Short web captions
——————

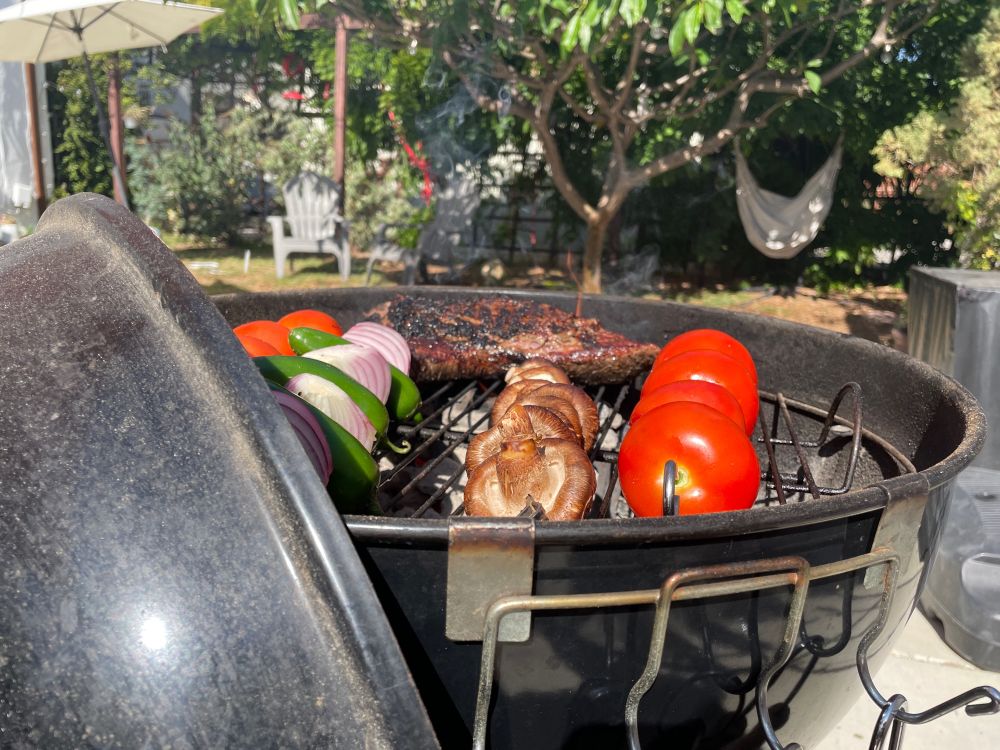 Tri-tip, tomatoes, onions, jalapeños and mushrooms on a Weber grill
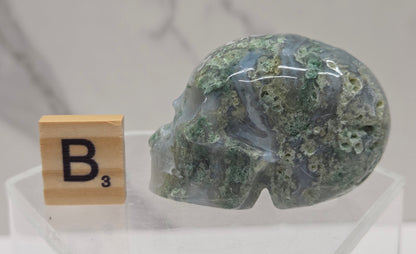 Moss Agate skull carving on a white background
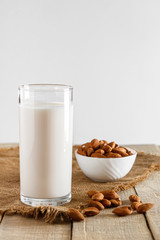 Super Food - A glass of almond milk for a healthy diet. Trending food, vertical photo. Place for your text.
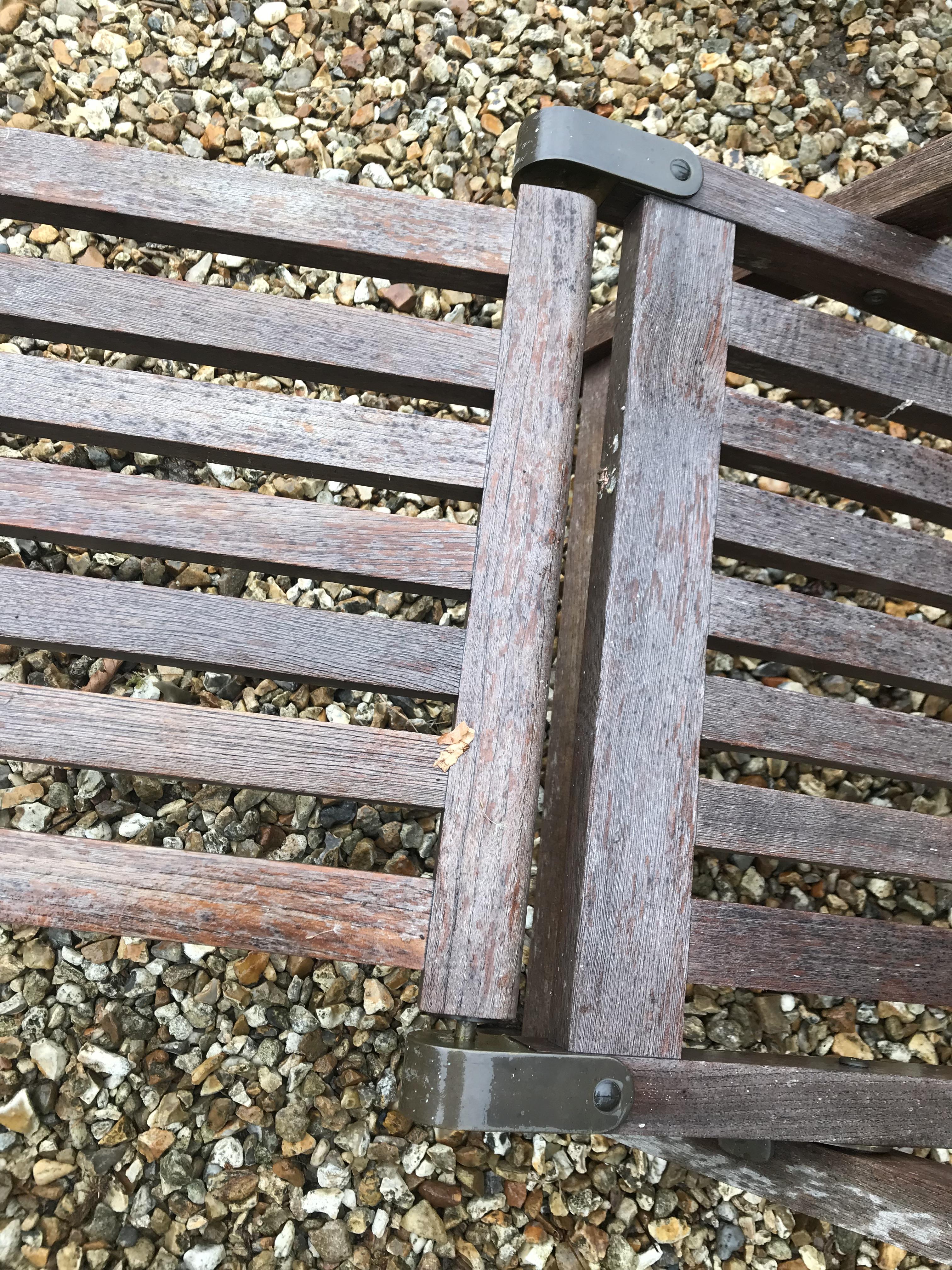 A pair of teak slatted garden steamer type chairs CONDITION REPORTS Have general - Image 6 of 11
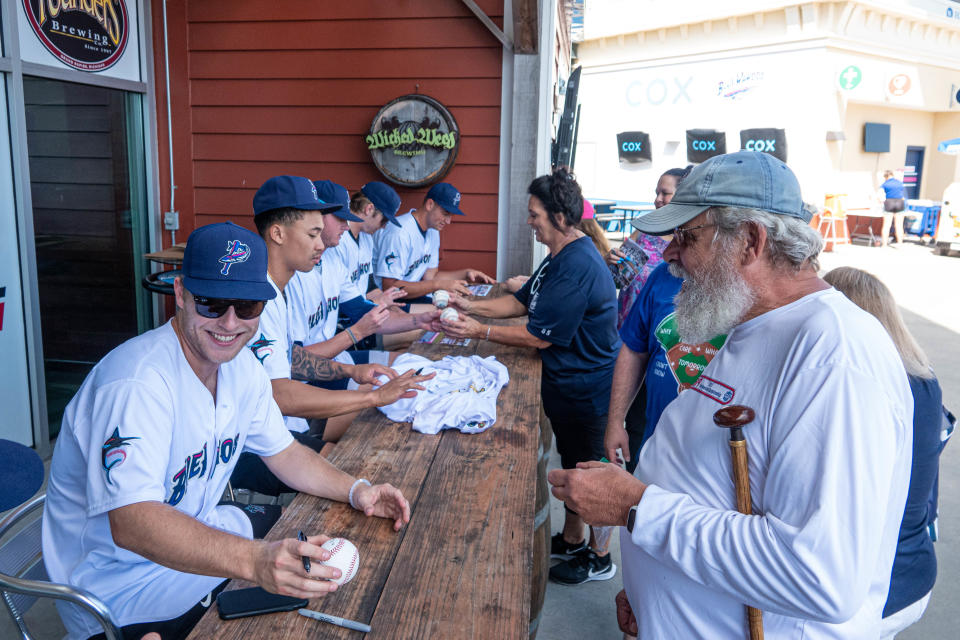 Blue Wahoos players sign autographs for season-ticket holders during special pregame event Sunday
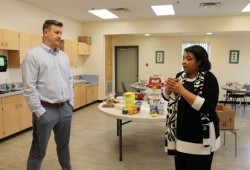 Principal Nick Seredick and Nourish Cowichan’s Fatima Da Silva discuss food logistics in the Eighth Avenue Learning Centre kitchen.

——————

Assigned task — Hand back the data above exactly, leaving out all pictures.

Answer to this exercise —
 Tri-tip, tomatoes, onions, jalapeños and mushrooms on a Weber grill
 Moss Agate skull carving on a white background
 Super Food - A glass of almond milk for a healthy diet. Trending food, vertical photo. Place for your text.
 A pair of teak slatted garden steamer type chairs CONDITION REPORTS Have general - Image 6 of 11
 Blue Wahoos players sign autographs for season-ticket holders during special pregame event Sunday
 Principal Nick Seredick and Nourish Cowichan’s Fatima Da Silva discuss food logistics in the Eighth Avenue Learning Centre kitchen.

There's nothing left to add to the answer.